How is the eq part hooked to the amp? Is it connected internally and not detachable? I tried googling some stuff and came up with nadda. With 7 wires, I'd bet that 4 of them are your input(left and right+ and left and right -) and the other 3 go to your speakers(left+, right+ and a shared ground). Either that way, or the reverse of what I just said, with 4 wires going to your speakers(left+,left-,right+,right-) and the other 3 wires are your input from the deck(left+,right+ and common ground). It is probably the second option I just gave as alot of systems back then had a shared ground type of setup, which would be from the deck ti the amp, then your typical left+&- and right+&- out to speakers. I'd start from one side of the circular plug and use that as a starting point. The inputs and outputs are more than likely in order starting from one side of the plug or the other, meaning the first pin will be left + input, next pin will be right + input, next pin will be the shared ground pin, next pin will be left+, next pin will be left-, next pin will be right+ and last pin should be right-.


----------



## milburyl (Feb 23, 2014)

Im betting that the brown and green wires are your input, and the black wire is the shared ground. And the red(+) wire and the white/black(-)are your right speakers. And the blue(+) and the grey wire(-) are your left speaker. I'm just guessing here. The other option you have is to take amp apart and look where the wires connect to the board and make your determination from that.


----------



## ludude1975 (Jun 29, 2012)

Yes its definately confusing.

In picture 4 the top black cable heading to the right has a plug just like the plug in picture 3. So its removable. 

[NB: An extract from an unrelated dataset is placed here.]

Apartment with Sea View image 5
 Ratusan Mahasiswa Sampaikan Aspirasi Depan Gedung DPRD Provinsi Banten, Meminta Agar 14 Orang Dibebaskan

Picture 1 and 3 are the same plug, only in picture 3 I unplugged them to show the connector. The wires leaving are red black blue green grey brown and white. Here's the funny part the wires inside the amp are a different color then the wires leaving the plug. Its definitely no standard wiring color like some were back then. Its hard to tell if its 2+1 in 2+2 out or 2+2 in and 2+1 out. I was hoping I could ring out inputs to outputs in bypass mode but doesn't seem possible. I get more time this weekend I'm gonna cut open the black rubber covering the wires and try to ring stuff out.


----------



## Frzninvt (Nov 7, 2012)

The V505 uses a floating ground configuration. All you should have positive wires for all the speaker outputs and one centralized ground. I have a wiring diagram on my PC at home if you still need it. They did sound very good when wired correctly.


----------



## ludude1975 (Jun 29, 2012)

I kinda figured it was shared Ground but I still stumped on what wire color goes to what as far as which two are L & R input + and which are L & R output +. Old 3 wire common grounds even 5 wire common grounds aren't too difficult to figure out but throwing in the inputs in the same connector this 7 wire has me stummped. I didn't know if the black and red are extra 12v+ & 12- accessory power since it has a seperate red and black comming in? (brown green) outputs ? (grey blue) in? white common? Very confusing. I hate to experiment and toast it. 

If you could post a wiring diagram that would be awsome. I like some of the vintage audio and figured one day I get myself a vintage ride to put it in. For now it's screwed to the wall of my man cave lol.


----------



## Frzninvt (Nov 7, 2012)

I am searching my folders for it I was certain I had it.


----------